Peter Todd [ARCHIVE] on Nostr: š Original date posted:2022-12-06 š Original message:On Fri, Dec 02, 2022 at ...
š
Original date posted:2022-12-06
š Original message:On Fri, Dec 02, 2022 at 05:35:39PM -0500, Antoine Riard via bitcoin-dev wrote:
> To recall, the original technical motivation of this option, and the wider
> smoother deployment was to address a DoS vector affecting another class of
> use-case: multi-party transactions like coinjoin and contracting protocols
> like Lightning [2] [3]. All of them expect to generate economic flows and
> corresponding mining income. Since then, alternative paths to solve this
> DoS vector have been devised, all with their own trade-offs and conceptual
> issues [4] [5].
<snip>
> [4]
> https://lists.linuxfoundation.org/pipermail/bitcoin-dev/2022-October/021135.html
> [5]
> https://lists.linuxfoundation.org/pipermail/bitcoin-dev/2022-November/021144.html
To be clear, these alternative paths all negatively impact privacy as they're
creating yet more ways for bad actors such as Chainalysis to deanonymize
transactions. We have a fundamental political tradeoff between the few
centralized services trying to accept unconfirmed txs, and the huge number of
users - everyone else - who desires privacy.
A big part of the promise of taproot was that we'd be able to eventually
greatly improve the anonymity set of all transactions by making multi-party
transactions indistinguishable from any other transaction. That's a huge part
of why the community fought for taproot adoption.
Your proposal [5] that multi-party protocols use a different nVersion to signal
full-rbf in their txouts negates that anonymity set for the obvious reason that
single-party wallets are discouraged from using it by the fact that a few
services like Bitrefill complain about RBF transactions. Indeed, since
nVersion=3 transactions are non-standard, we additionally have the problem that
many more wallets won't even see such payments until a confirmation, or in some
cases due to bugs, never.
Worse, this trade-offs is fundamental: it is impossible to design such a
protocol without harming privacy.
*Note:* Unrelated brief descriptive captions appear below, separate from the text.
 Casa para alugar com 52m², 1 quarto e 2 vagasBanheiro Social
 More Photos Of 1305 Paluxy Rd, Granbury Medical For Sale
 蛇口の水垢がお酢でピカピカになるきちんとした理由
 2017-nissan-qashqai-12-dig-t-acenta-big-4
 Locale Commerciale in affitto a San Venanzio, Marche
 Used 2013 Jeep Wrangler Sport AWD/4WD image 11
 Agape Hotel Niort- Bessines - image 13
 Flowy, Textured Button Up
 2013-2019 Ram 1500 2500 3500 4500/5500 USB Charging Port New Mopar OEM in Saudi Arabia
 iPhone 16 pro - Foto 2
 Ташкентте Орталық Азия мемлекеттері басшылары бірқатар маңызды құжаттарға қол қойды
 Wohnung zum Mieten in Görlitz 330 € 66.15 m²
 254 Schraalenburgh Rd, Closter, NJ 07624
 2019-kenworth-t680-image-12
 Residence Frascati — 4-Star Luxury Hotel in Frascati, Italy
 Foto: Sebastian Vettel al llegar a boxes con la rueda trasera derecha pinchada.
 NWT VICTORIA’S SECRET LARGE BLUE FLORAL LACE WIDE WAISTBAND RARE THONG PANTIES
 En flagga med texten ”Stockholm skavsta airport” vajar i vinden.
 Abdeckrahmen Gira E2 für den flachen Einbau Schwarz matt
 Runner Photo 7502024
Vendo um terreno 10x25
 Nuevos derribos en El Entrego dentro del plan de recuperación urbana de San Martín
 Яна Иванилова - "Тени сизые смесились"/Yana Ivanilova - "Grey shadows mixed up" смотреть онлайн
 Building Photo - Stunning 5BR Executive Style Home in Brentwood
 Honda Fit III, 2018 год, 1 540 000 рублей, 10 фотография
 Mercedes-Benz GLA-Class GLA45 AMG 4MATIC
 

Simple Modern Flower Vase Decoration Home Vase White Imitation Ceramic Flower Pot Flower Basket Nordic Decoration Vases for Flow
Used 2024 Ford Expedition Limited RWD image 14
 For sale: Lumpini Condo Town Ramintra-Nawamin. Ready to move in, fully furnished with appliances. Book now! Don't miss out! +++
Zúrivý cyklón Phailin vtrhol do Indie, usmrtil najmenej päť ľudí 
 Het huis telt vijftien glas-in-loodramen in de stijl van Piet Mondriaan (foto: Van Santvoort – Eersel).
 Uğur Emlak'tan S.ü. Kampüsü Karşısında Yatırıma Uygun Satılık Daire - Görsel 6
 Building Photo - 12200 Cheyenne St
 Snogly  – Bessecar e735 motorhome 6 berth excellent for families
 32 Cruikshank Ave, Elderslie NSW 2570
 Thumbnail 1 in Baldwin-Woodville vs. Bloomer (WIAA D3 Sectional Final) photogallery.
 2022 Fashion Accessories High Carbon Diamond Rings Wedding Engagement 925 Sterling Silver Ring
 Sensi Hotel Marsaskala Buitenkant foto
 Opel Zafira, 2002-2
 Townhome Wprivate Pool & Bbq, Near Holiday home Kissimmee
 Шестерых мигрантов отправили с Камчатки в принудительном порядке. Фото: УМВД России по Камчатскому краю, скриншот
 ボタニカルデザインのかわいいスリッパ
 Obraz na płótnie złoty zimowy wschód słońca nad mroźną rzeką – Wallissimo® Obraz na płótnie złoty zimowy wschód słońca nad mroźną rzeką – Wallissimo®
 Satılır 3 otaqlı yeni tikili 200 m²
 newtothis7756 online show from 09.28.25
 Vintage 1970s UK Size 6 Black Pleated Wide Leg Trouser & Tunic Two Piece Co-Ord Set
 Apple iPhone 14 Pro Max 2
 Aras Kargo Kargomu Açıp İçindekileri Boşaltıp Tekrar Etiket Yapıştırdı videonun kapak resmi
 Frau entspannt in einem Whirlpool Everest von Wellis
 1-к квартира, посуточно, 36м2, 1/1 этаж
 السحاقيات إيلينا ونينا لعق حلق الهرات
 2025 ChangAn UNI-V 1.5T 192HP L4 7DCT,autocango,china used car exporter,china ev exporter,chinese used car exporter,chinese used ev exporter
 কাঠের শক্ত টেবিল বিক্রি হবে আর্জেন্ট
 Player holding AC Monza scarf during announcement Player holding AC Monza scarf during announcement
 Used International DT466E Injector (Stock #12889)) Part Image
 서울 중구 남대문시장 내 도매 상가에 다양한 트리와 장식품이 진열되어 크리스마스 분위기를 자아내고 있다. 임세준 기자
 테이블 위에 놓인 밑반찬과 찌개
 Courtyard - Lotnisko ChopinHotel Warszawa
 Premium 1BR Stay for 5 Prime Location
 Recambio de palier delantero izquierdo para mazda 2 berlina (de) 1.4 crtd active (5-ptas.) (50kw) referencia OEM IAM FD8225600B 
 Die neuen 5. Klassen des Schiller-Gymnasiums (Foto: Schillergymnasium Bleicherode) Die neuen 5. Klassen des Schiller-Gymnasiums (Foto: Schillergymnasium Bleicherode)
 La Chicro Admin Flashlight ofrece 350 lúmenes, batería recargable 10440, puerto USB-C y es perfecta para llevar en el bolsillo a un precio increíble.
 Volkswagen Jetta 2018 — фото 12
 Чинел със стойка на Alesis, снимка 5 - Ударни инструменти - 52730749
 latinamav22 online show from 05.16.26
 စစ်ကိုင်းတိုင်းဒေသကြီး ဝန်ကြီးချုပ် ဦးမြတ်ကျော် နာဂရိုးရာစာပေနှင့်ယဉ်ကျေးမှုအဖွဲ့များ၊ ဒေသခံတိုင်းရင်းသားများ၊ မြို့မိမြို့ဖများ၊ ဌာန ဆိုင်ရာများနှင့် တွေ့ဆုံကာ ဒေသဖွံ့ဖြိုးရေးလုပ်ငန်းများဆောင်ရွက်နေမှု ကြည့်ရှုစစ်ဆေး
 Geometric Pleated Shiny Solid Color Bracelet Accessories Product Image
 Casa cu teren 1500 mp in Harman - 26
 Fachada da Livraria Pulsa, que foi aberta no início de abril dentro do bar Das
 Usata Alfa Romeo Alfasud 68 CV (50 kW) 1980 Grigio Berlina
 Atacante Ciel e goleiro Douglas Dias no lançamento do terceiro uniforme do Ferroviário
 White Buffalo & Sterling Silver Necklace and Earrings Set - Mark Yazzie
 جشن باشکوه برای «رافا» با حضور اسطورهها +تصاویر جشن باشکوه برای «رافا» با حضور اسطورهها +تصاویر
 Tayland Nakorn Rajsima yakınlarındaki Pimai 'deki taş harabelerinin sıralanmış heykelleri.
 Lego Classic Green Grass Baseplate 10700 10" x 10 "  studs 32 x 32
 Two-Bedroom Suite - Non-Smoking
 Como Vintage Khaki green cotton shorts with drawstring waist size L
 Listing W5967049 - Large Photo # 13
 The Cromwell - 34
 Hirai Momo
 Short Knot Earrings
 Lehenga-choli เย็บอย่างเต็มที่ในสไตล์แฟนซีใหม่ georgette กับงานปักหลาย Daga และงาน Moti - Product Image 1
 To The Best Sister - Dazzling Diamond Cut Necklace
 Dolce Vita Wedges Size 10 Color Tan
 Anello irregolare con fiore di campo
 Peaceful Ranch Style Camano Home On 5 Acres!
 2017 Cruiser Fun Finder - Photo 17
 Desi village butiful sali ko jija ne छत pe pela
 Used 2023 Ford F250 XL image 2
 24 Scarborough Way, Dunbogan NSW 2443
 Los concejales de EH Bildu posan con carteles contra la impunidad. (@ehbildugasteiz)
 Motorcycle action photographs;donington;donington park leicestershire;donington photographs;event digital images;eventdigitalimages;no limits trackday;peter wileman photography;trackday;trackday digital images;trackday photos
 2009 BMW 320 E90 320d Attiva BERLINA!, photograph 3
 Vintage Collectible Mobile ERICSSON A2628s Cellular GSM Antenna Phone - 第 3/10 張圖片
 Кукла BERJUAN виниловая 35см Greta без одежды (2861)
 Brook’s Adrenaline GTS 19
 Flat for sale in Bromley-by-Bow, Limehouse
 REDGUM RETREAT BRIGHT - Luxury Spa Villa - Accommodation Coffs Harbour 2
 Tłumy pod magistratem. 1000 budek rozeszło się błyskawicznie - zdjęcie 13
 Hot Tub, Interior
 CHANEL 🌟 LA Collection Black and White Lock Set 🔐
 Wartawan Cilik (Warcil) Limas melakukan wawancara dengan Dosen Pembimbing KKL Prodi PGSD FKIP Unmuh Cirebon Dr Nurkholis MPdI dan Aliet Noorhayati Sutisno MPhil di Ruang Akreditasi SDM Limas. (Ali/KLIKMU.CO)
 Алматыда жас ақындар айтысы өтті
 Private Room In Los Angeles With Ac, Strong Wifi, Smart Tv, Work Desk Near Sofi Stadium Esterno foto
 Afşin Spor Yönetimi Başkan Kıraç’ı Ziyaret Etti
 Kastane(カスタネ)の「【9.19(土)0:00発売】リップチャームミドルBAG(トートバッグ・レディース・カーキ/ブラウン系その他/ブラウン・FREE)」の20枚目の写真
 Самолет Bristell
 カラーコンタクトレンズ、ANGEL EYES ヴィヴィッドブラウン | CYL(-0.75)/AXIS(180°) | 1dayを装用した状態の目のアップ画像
Why? Let's assume such a protocol was
possible. To be compatible with how unconfirmed txs are accepted today the
protocol would have to have the following two simultaneous properties:
1) Zeroconf services would need to be able to inspect the tx data and determine
whether or not the txout had opted into full-rbf.
2) Chainalysis services would need to be unable to inspect the tx data and
determine whether or not the txout had opted into full-rbf.
This is an obvious contradiction, and the only alternative of commit-reveal
schemes is ridiculous and would *itself* create yet another privacy impact. We
do not need any further technical debate on this issue: this is a political
tradeoff between a few centralized services and all other users that needs to
be decied by the community. No different than the blocksize wars.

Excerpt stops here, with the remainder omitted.